▶ [WORK ITEM]:
Below are the records; extract from them the line containing "VENTA DE TERRENO" to the line containing "Vintage tiolene pure", both lines included, exactly and with no pictures.

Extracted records
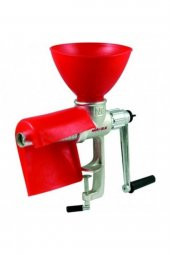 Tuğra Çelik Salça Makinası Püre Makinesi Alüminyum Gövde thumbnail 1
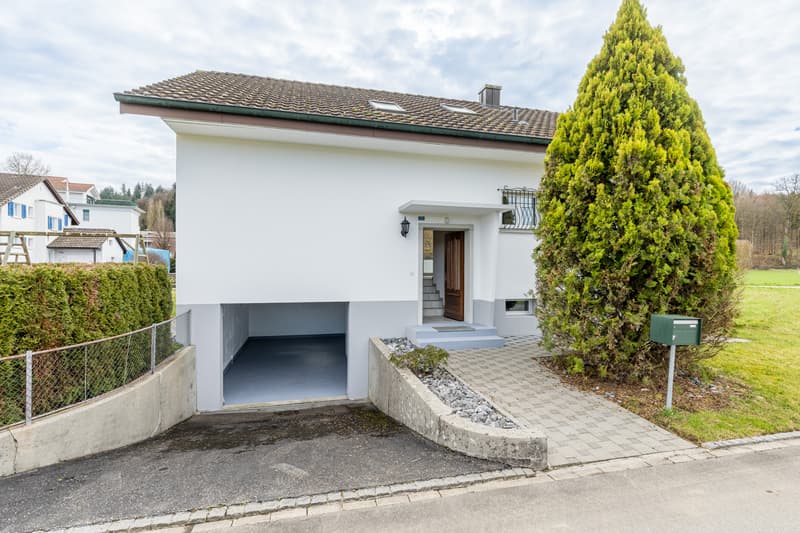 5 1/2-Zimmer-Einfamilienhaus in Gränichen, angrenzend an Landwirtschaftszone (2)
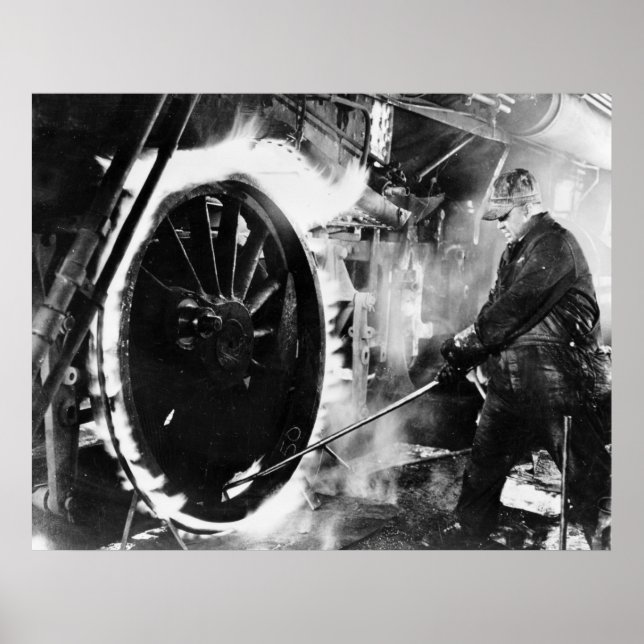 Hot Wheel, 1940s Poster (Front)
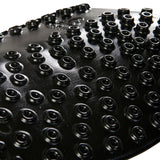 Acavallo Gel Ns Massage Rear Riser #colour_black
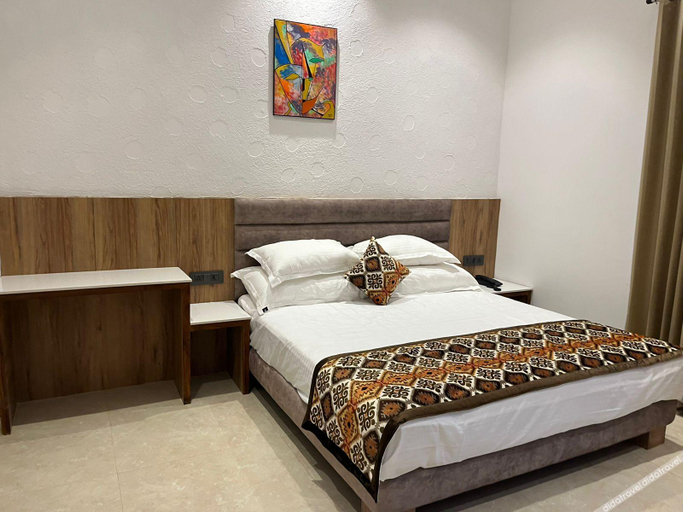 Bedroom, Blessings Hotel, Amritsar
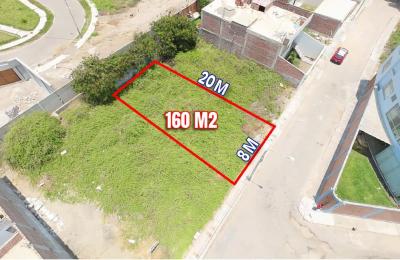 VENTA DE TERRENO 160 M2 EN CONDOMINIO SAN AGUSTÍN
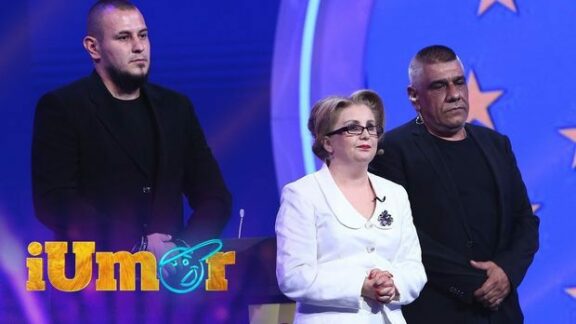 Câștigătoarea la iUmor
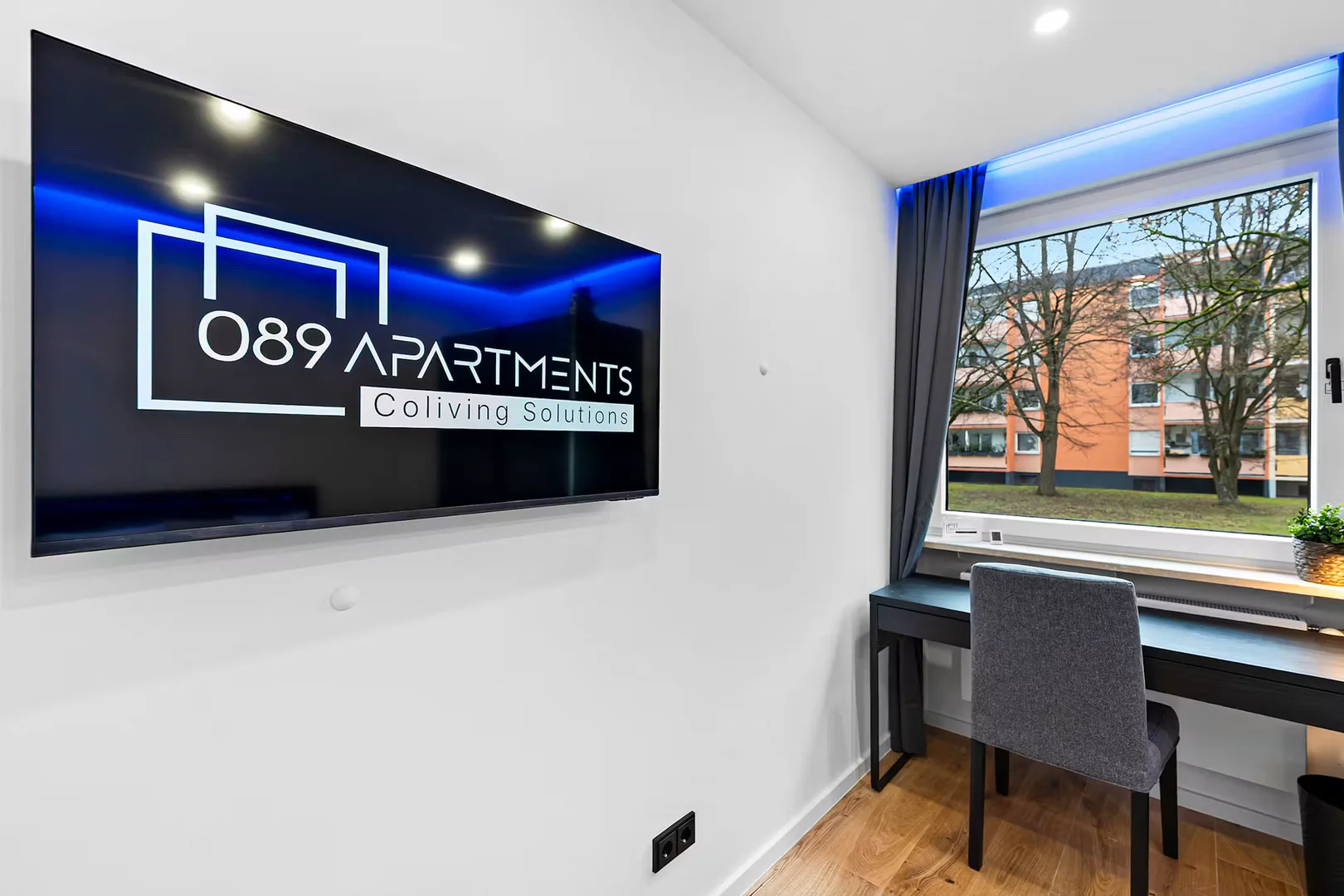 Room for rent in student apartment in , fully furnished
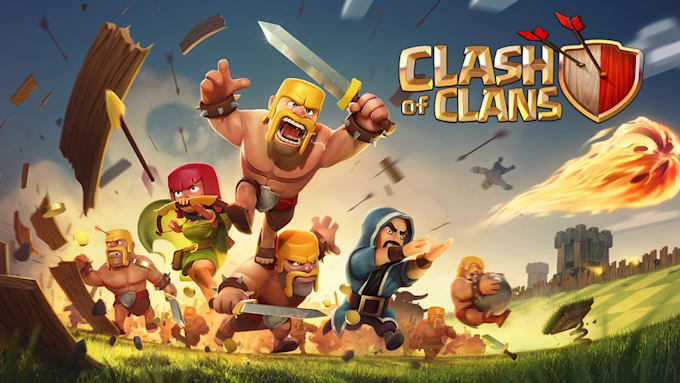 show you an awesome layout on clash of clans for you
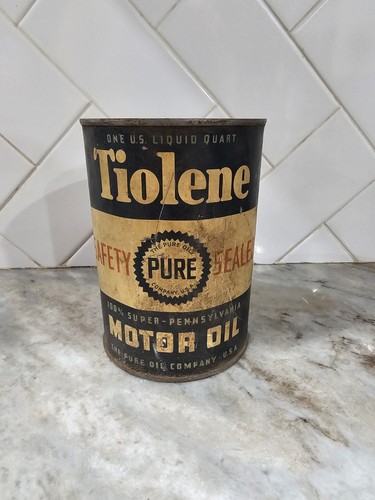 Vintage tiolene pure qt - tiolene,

---

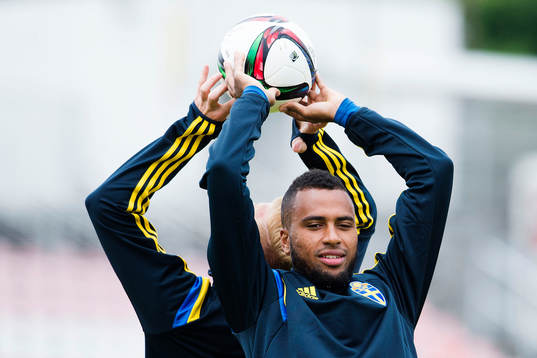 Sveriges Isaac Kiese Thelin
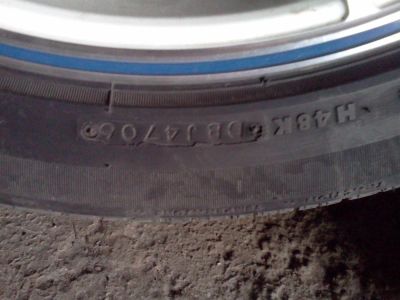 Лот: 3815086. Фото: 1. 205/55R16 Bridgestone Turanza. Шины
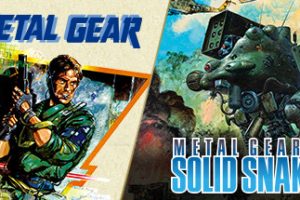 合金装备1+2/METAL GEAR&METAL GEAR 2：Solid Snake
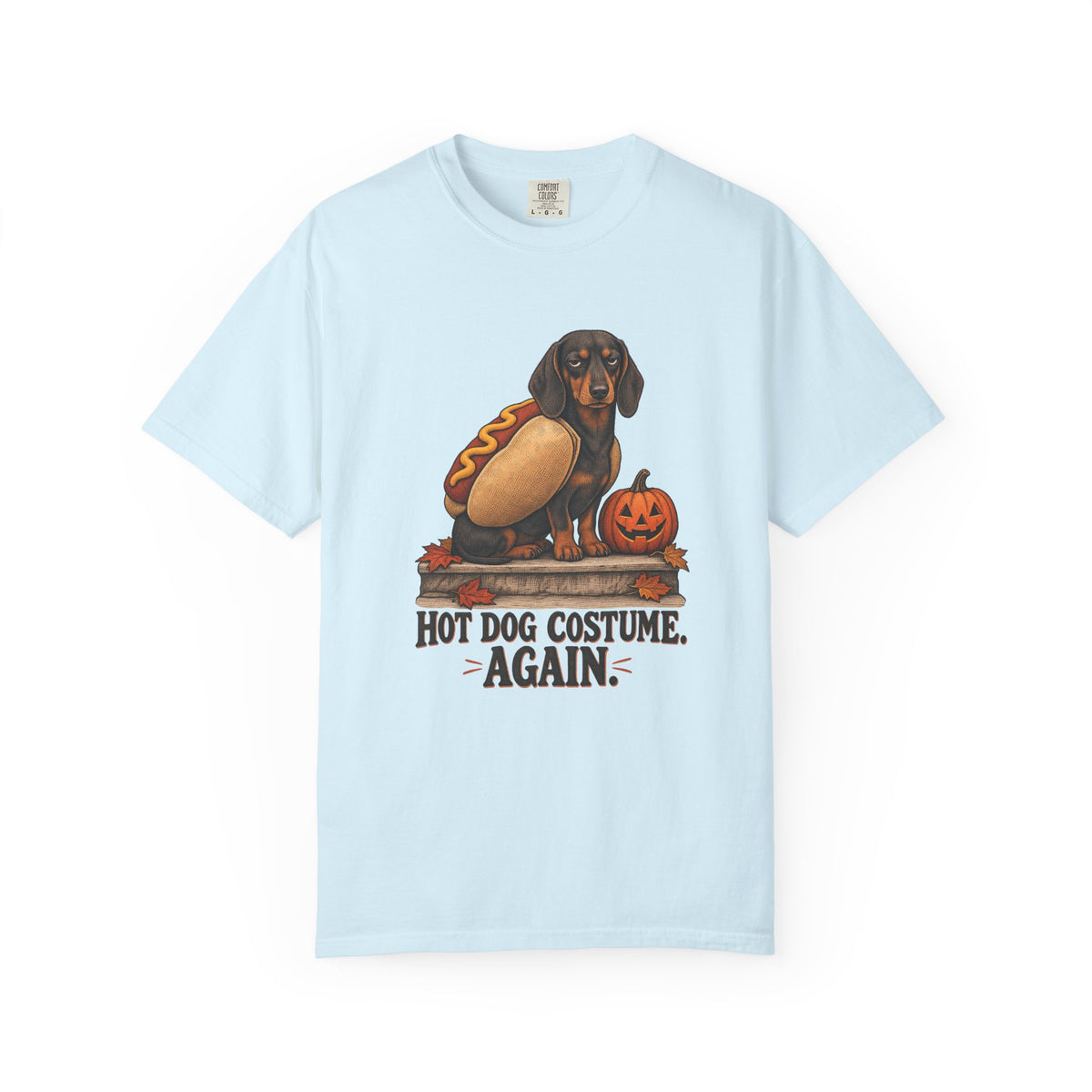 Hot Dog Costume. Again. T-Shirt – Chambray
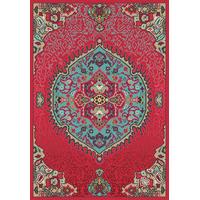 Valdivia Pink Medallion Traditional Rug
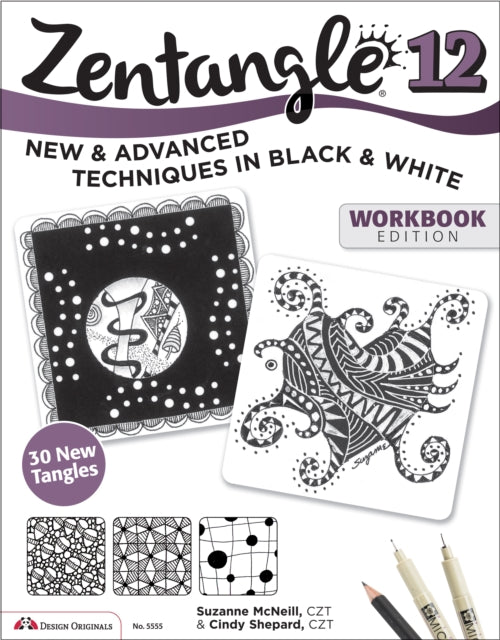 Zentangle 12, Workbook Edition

▶ [ANSWER SPACE]:
 VENTA DE TERRENO 160 M2 EN CONDOMINIO SAN AGUSTÍN
 Câștigătoarea la iUmor
 Room for rent in student apartment in , fully furnished
 show you an awesome layout on clash of clans for you
 Vintage tiolene pure qt - tiolene,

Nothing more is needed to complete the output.